ASSIGNMENT :: Transcribe each entry below exactly. Pictures do not go in the copy.

RECORDS SUPPLIED ::
-------

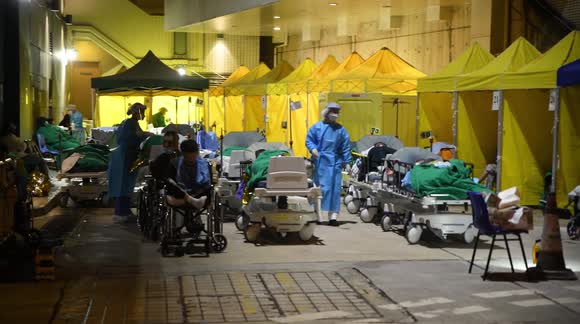 Patients forced to stay outside overnight as Hong Kong hospital buckles under COVID-19 spike
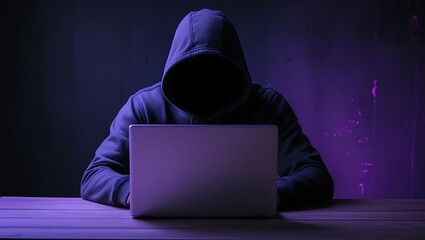 Young hacker hacking a network system with a laptop computer, danger for cyber security and antivirus commercial purpose. With purple light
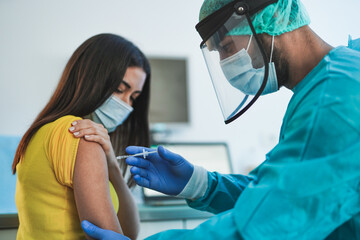 Male doctor or nurse vaccine to a patient's shoulder - Vaccination and prevention against coronavirus pandemic
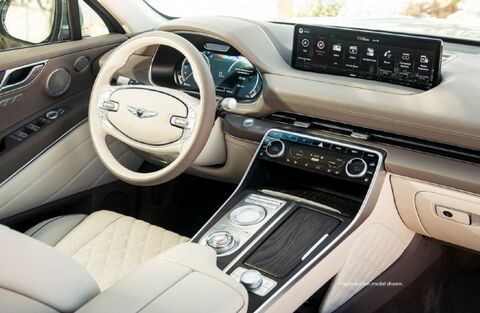 Genesis GV80 interior with a large touchscreen display and beige leather seats.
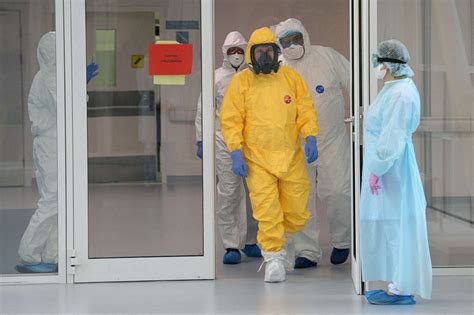 Putin dons hazmat suit, as Russia admits virus numbers likely far ...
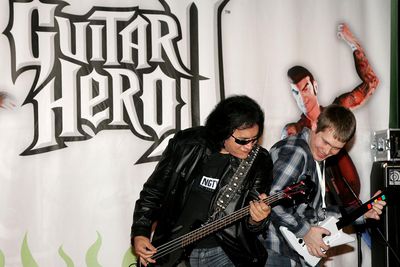 Hudebník Gene Simmons hraje na kytaru s mistrem Guitar Hero II JW McNayem v Virgin Megastore na Times Square, aby pomohl spustit Guitar Hero II na XBOX 360 11. dubna 2007 v New Yorku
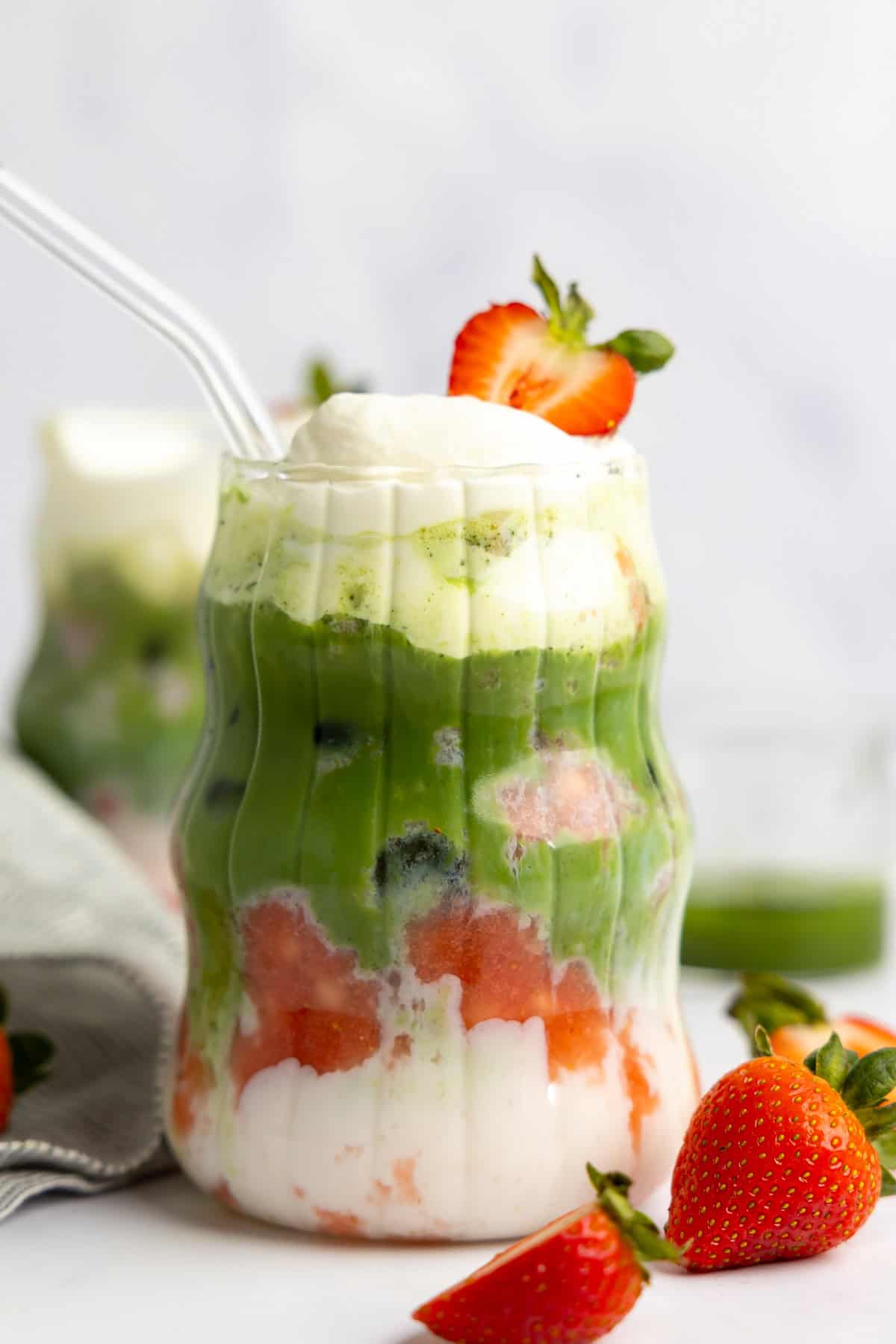 A layered drink featuring protein milk, green matcha, vibrant fruit pieces, and whipped cream in a clear glass. It's elegantly topped with a strawberry slice and accompanied by a transparent straw.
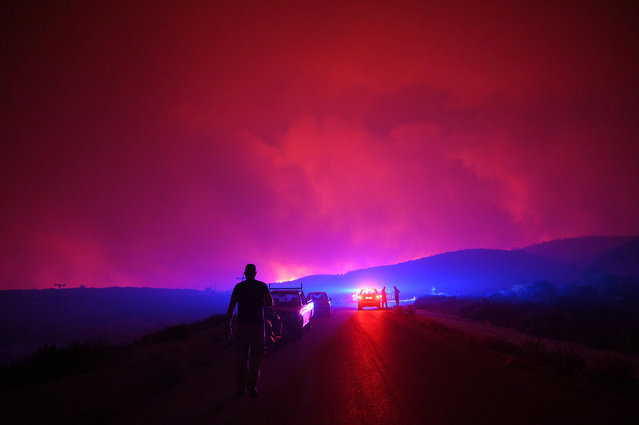 Firefighters and volunteers operate during a wildfire, in Palagia village, Alexandroupolis, Thrace, northern Greece on August 22, 2023. The Alexandroupolis General Hospital was evacuated as a large fire was approaching the northern Greek city. Patients were evacuated with ambulances provided by the Health Ministry and the help of a large police force stationed in the region for the purpose.Two separate messages of the 112 emergency service had been issued to residents of Alexandroupolis, a major port and energy hub, alerting them to heavy smoke from fires in the region and ordering them to stay indoors with shut doors and windows. After 02.00 in the morning, the villages of Dikela, Makri, Nea Chili, Elaionas, Ag. Giorgis, Plaka, Enato and Pefki were also evacuated. (Photo by Dimitris Alexoudis/EPA/EFE)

-------

WRITTEN SOLUTION ::
 Patients forced to stay outside overnight as Hong Kong hospital buckles under COVID-19 spike
 Young hacker hacking a network system with a laptop computer, danger for cyber security and antivirus commercial purpose. With purple light
 Male doctor or nurse vaccine to a patient's shoulder - Vaccination and prevention against coronavirus pandemic
 Genesis GV80 interior with a large touchscreen display and beige leather seats.
 Putin dons hazmat suit, as Russia admits virus numbers likely far ...
 Hudebník Gene Simmons hraje na kytaru s mistrem Guitar Hero II JW McNayem v Virgin Megastore na Times Square, aby pomohl spustit Guitar Hero II na XBOX 360 11. dubna 2007 v New Yorku
 A layered drink featuring protein milk, green matcha, vibrant fruit pieces, and whipped cream in a clear glass. It's elegantly topped with a strawberry slice and accompanied by a transparent straw.
 Firefighters and volunteers operate during a wildfire, in Palagia village, Alexandroupolis, Thrace, northern Greece on August 22, 2023. The Alexandroupolis General Hospital was evacuated as a large fire was approaching the northern Greek city. Patients were evacuated with ambulances provided by the Health Ministry and the help of a large police force stationed in the region for the purpose.Two separate messages of the 112 emergency service had been issued to residents of Alexandroupolis, a major port and energy hub, alerting them to heavy smoke from fires in the region and ordering them to stay indoors with shut doors and windows. After 02.00 in the morning, the villages of Dikela, Makri, Nea Chili, Elaionas, Ag. Giorgis, Plaka, Enato and Pefki were also evacuated. (Photo by Dimitris Alexoudis/EPA/EFE)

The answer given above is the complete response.